■ The problem
Stop at the line containing "2011 Cow Canyon, NV": repeat exactly every line of the entries below from the first up to it, plus that line, with pictures omitted.

[Records from a data collection]
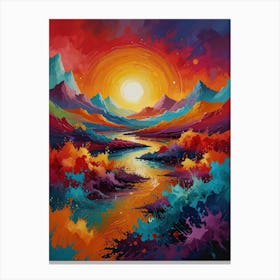 Sunset In The Mountains 4 Canvas Print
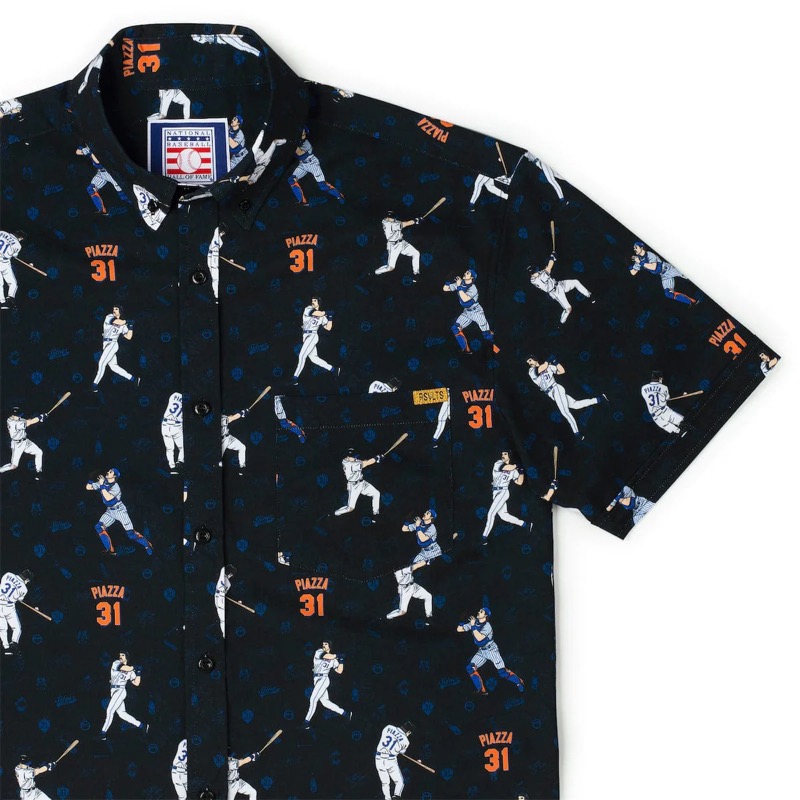 RSVLTS The Pizza Man KUNUFLEX Short Sleeve Shirt in Blue — front view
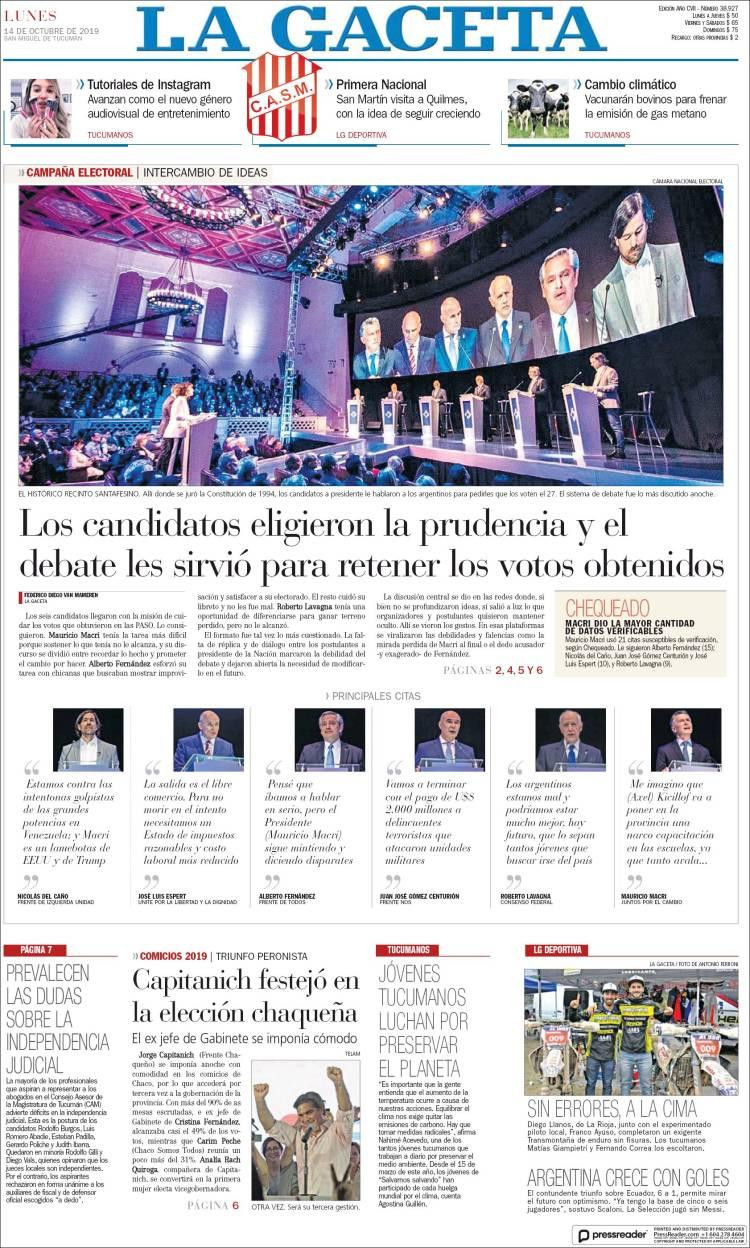 Tapas de diarios, La Gaceta lunes 14-10-19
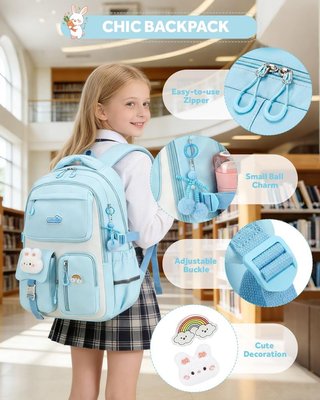 AMYTHE MOCHILA niña ligera nylon 31×17×45cm Azul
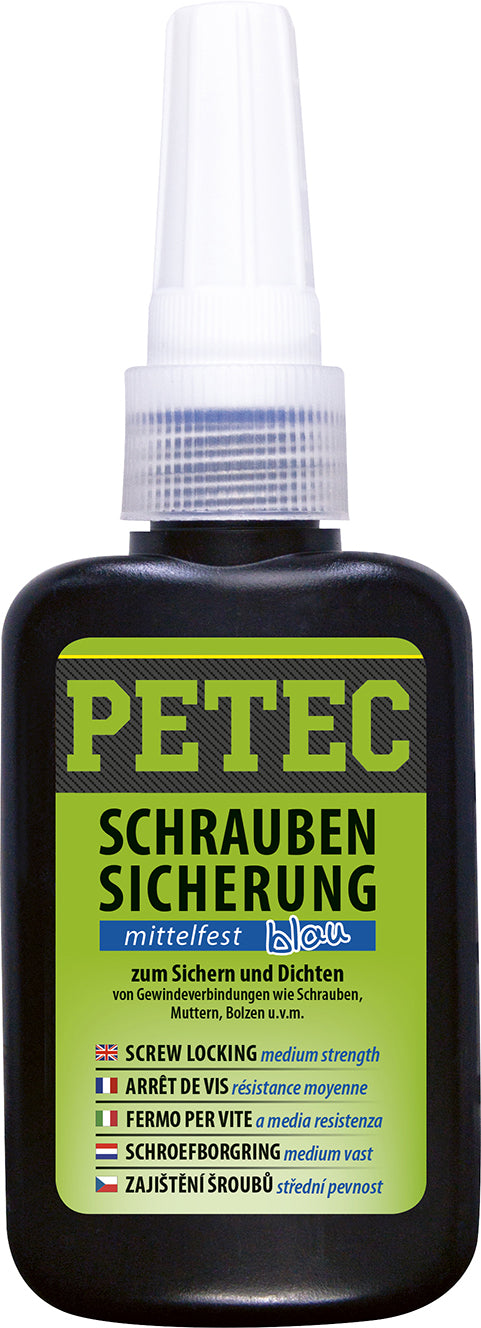 PETEC Schraubensicherung mittelfest blau - 250 g Flasche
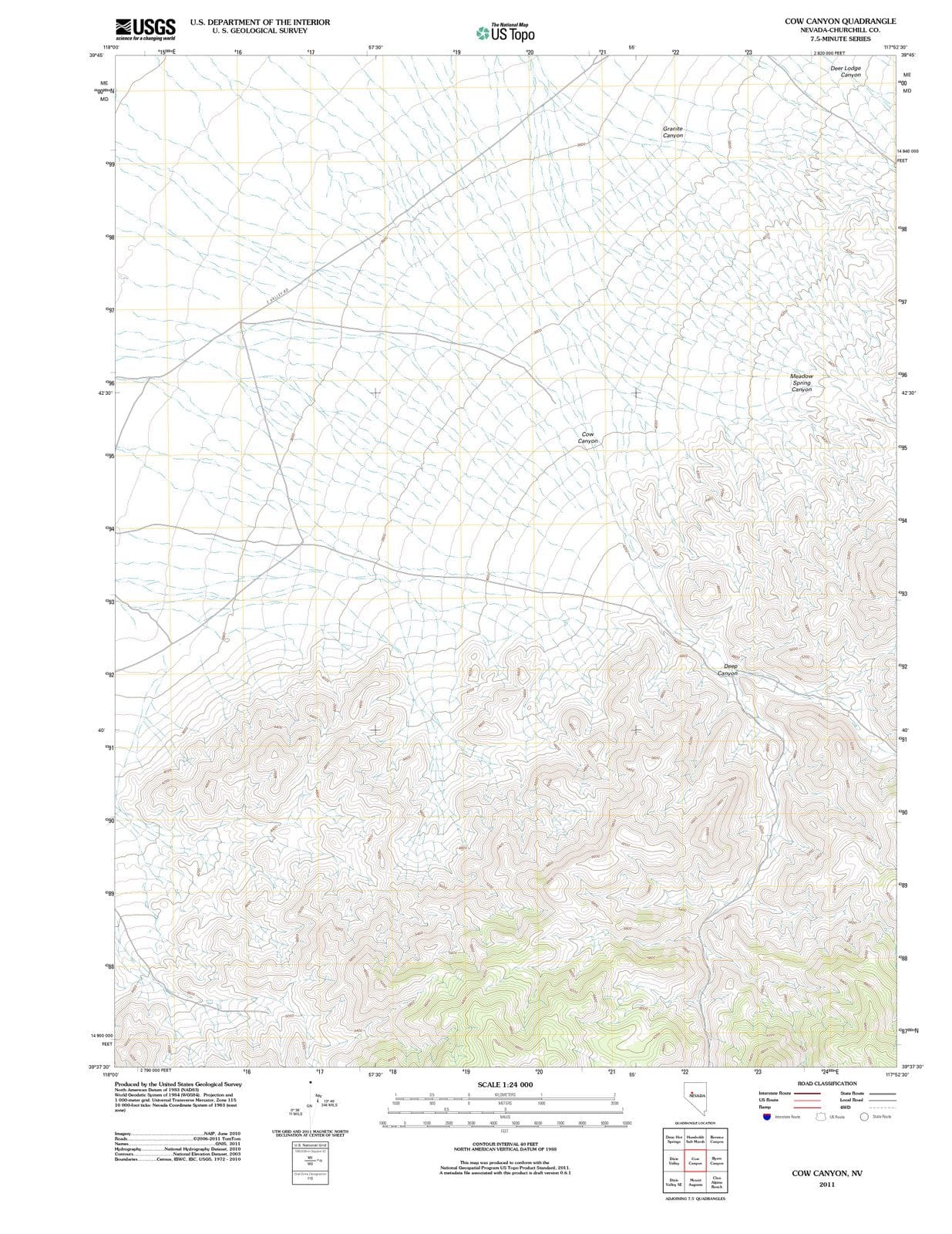 2011 Cow Canyon, NV - Nevada - USGS Topographic Map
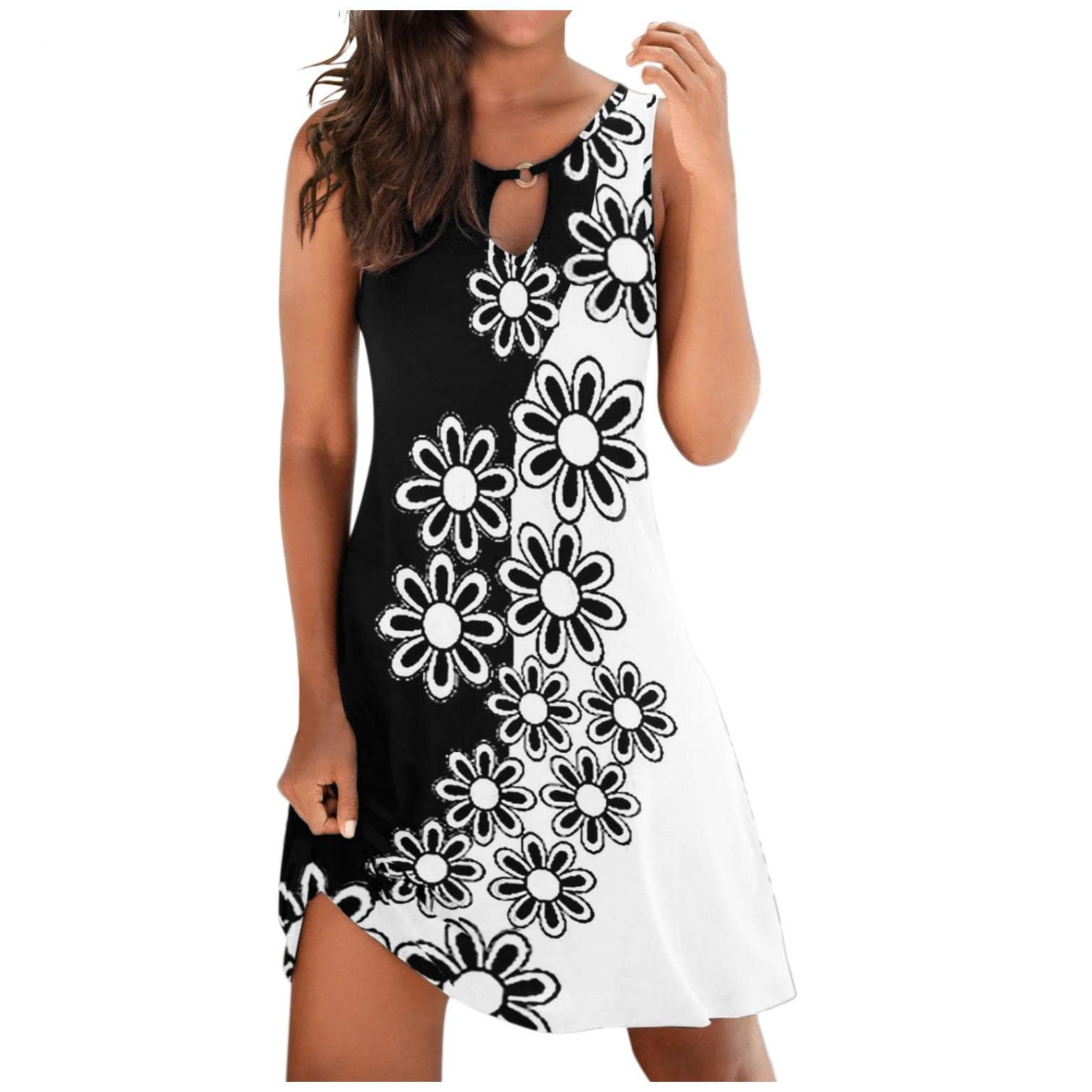 FABIURT Plus Size Women's Sexy Casual Loose Boho Sleeveless Maxi Dress - Summer Beach Wear, Crewneck Flowy Dress for Outdoor Parties & Vacation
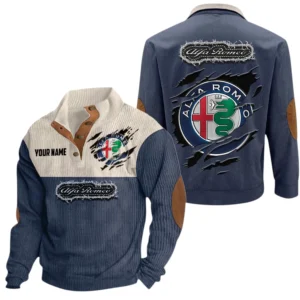 Alfa Romeo Exclusive Logo Print Corduroy Sweatshirt Stand Collar Custom Name TN280625Y32RCSCT3ALR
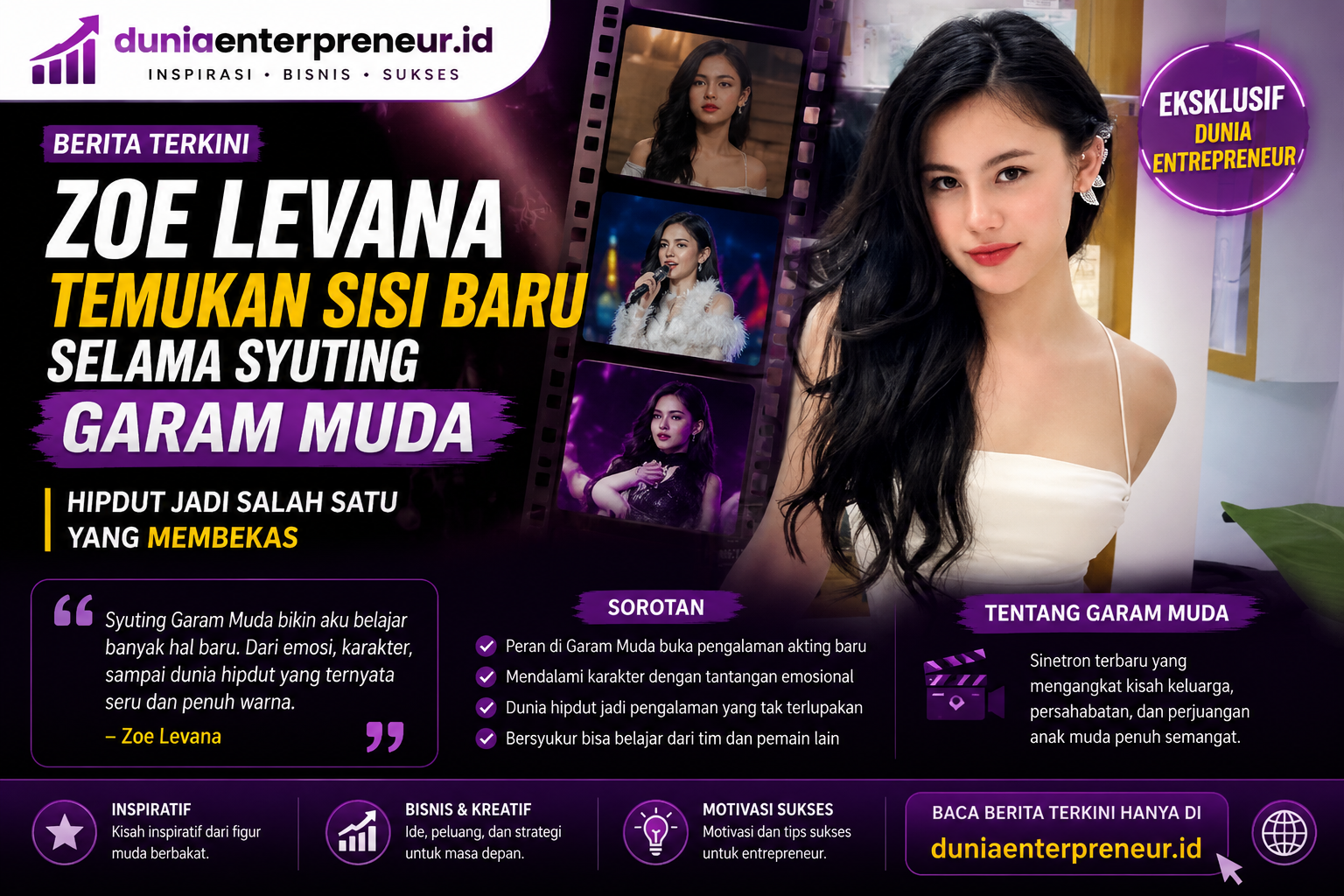 Zoe Levana Temukan Sisi Baru Selama Syuting Garam Muda, Hipdut Jadi Salah Satu yang Membekas
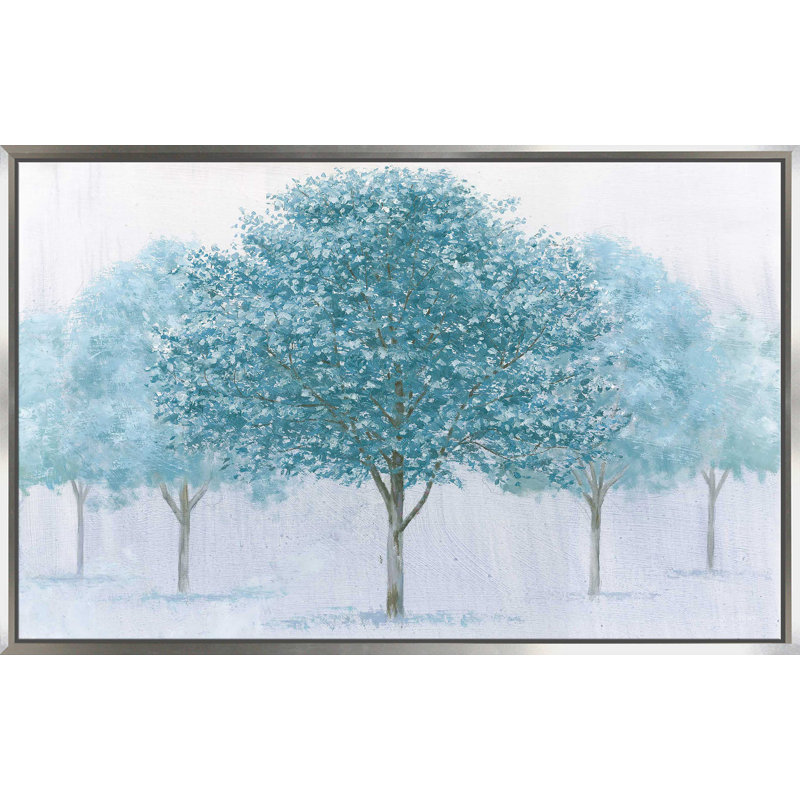 Peaceful Grove - Peinture, Cadre flottant argent, H 21,5 po x l 33,5 po x P 2 po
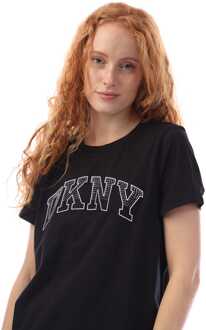 DKNY Dames DKNY Gebogen Varsity Logo met bergkristallen T-shirt in Zwart Grijs Wit - maat S Zwart/wit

■ Task solution
 Sunset In The Mountains 4 Canvas Print
 RSVLTS The Pizza Man KUNUFLEX Short Sleeve Shirt in Blue — front view
 Tapas de diarios, La Gaceta lunes 14-10-19
 AMYTHE MOCHILA niña ligera nylon 31×17×45cm Azul
 PETEC Schraubensicherung mittelfest blau - 250 g Flasche
 2011 Cow Canyon, NV - Nevada - USGS Topographic Map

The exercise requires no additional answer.